J’aimerais inviter mon lectorat à envisager la possibilité que les réactions potentielles à ce livre que je viens d’évoquer en disent plus sur le lecteur que sur ce qu’il lit. J’ai écrit ce livre avec la conviction que la politique étrangère américaine a tellement contaminé les relations entre l’Europe et les États-Unis qu’elle a affecté les perceptions plus générales des différences qui divisent la région nord-atlantique en réalité. Le débat a dégénéré en prise de position idéologique motivée par des tactiques politiques et des enjeux locaux. De grands chaudrons de soupe rhétorique ont été mis sur le feu à partir de miettes de preuves. Il est temps de rajouter de la chair empirique à cette recette. Le fait d’arguer, comme ce livre le fait, que les différences de part et d’autre de l’Atlantique ne sont pas aussi grandes qu’on ne le pense généralement n’équivaut pas à minimiser les succès de l’Europe, ni à dissimuler les déficiences des États-Unis. Il s’agit de tendre vers un portait juste des deux côtés de l’Atlantique. Et de suggérer qu’un regard perspicace révèle que les points communs de chaque côté sont plus grands que les différences. En fait, il se peut bien que la volonté de cultiver les quelques divergences restantes soit narcissique, comme Freud nous l’avait signalé. Dans tous les cas, il est très probable que l’élection de Barack Obama et la mise en place de sa nouvelle administration à Washington, améliorant huit années d’antagonisme transatlantique, contribueront à rendre plausible les arguments avancés ici.

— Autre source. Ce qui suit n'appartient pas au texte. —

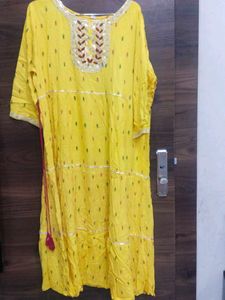 Yellow Embroidered Kurta with Mirror Work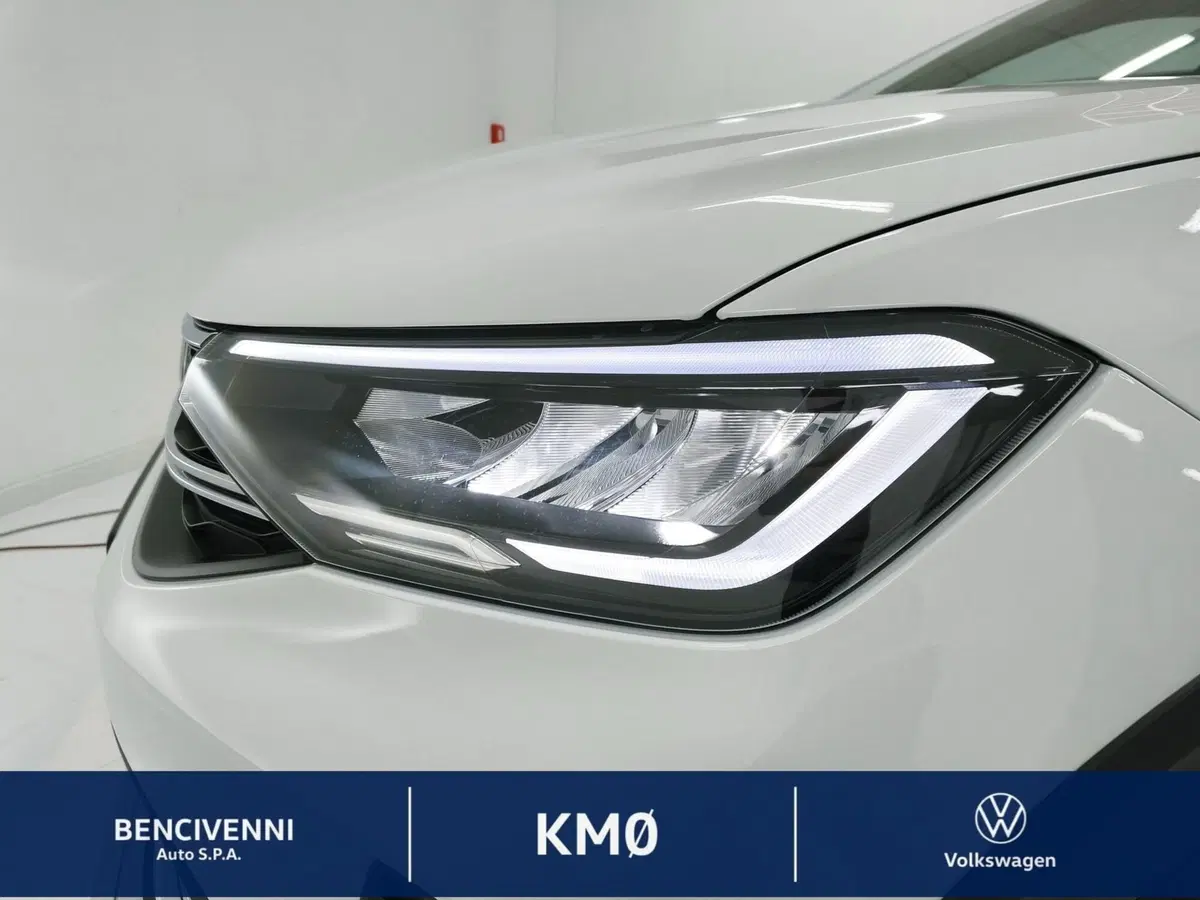 Volkswagen Taigo nuova a Catanzaro (12)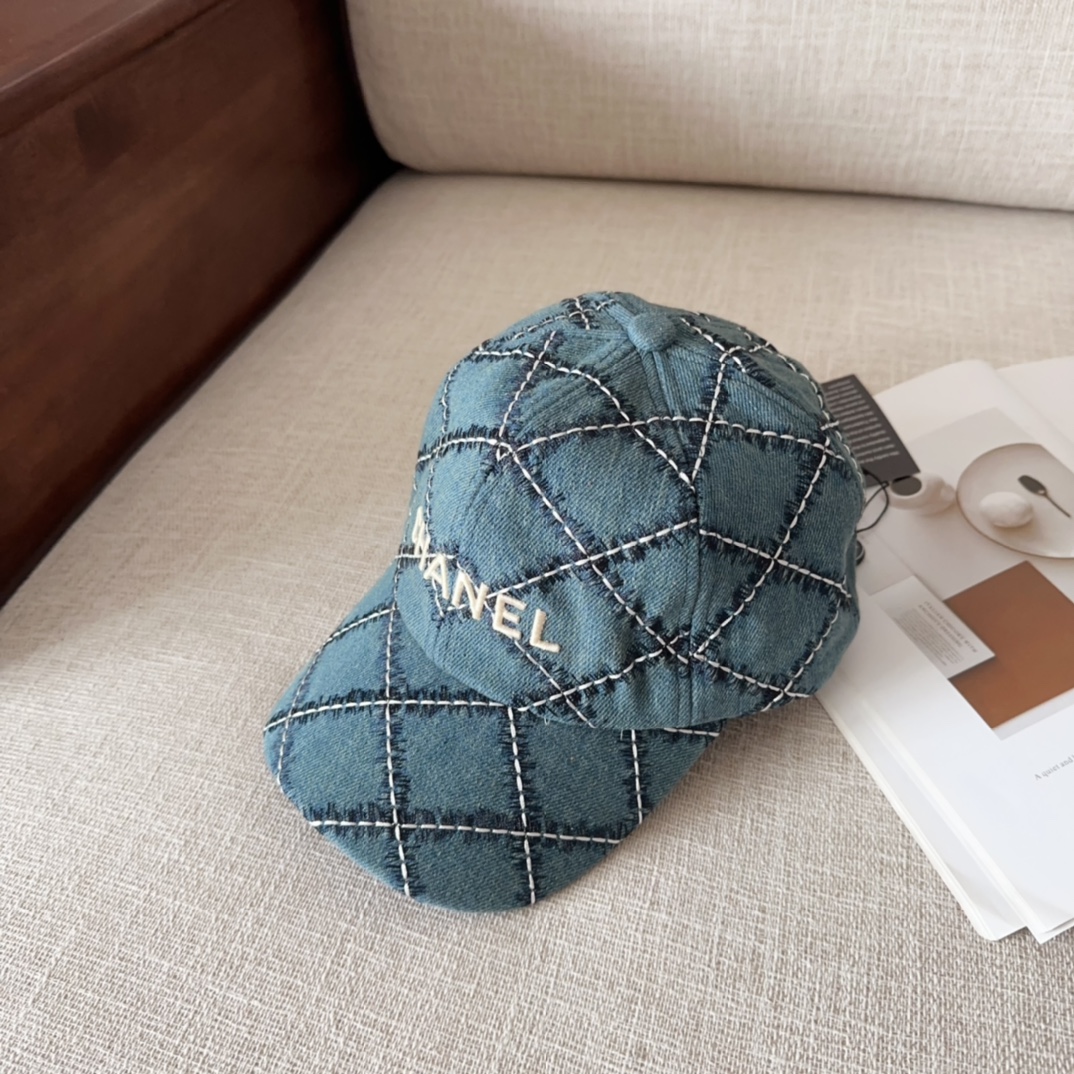 [Chanel Hats]CHANEL Chanel new denim blue retro style baseball cap Take it out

Les lecteurs argueront peut-être que des chiffres différents pourraient être trouvés pour certaines des données présentées ici, ou que le tableau que je brosse est déséquilibré. Que les États-Unis diffèrent profondément de l’Europe est un « fait » si souvent affirmé qu’il a fini par ne devenir qu’une partie de ce que nous pensons intuitivement déjà savoir. Le discours sur la différence radicale est trop souvent le prisme conceptuel à travers lequel nous voyons à la fois l’Europe et les États-Unis : un point de départ philosophique plus qu’une question à examiner. Ce livre a donc pour objectif de lancer un débat qui n’a pas encore eu lieu, ou plutôt qui a pris place dans une atmosphère quasiment dépourvue de données.